DATA SHOWN -
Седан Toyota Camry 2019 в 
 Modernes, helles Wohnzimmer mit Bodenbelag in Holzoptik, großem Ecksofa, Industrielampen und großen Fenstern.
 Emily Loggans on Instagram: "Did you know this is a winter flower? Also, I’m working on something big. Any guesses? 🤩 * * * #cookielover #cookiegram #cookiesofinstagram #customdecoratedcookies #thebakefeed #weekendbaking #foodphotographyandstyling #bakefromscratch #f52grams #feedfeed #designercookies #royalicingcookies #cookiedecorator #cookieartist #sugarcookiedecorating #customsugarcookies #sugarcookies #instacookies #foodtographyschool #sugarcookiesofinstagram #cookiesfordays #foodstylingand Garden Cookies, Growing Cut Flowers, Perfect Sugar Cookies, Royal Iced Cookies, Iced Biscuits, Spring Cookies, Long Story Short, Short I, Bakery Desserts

AIM OF THE EXERCISE - Repeat the data. Leave nothing out and change nothing.

SOLUTION FOR THIS EXERCISE -
Седан Toyota Camry 2019 в 
 Modernes, helles Wohnzimmer mit Bodenbelag in Holzoptik, großem Ecksofa, Industrielampen und großen Fenstern.
 Emily Loggans on Instagram: "Did you know this is a winter flower? Also, I’m working on something big. Any guesses? 🤩 * * * #cookielover #cookiegram #cookiesofinstagram #customdecoratedcookies #thebakefeed #weekendbaking #foodphotographyandstyling #bakefromscratch #f52grams #feedfeed #designercookies #royalicingcookies #cookiedecorator #cookieartist #sugarcookiedecorating #customsugarcookies #sugarcookies #instacookies #foodtographyschool #sugarcookiesofinstagram #cookiesfordays #foodstylingand Garden Cookies, Growing Cut Flowers, Perfect Sugar Cookies, Royal Iced Cookies, Iced Biscuits, Spring Cookies, Long Story Short, Short I, Bakery Desserts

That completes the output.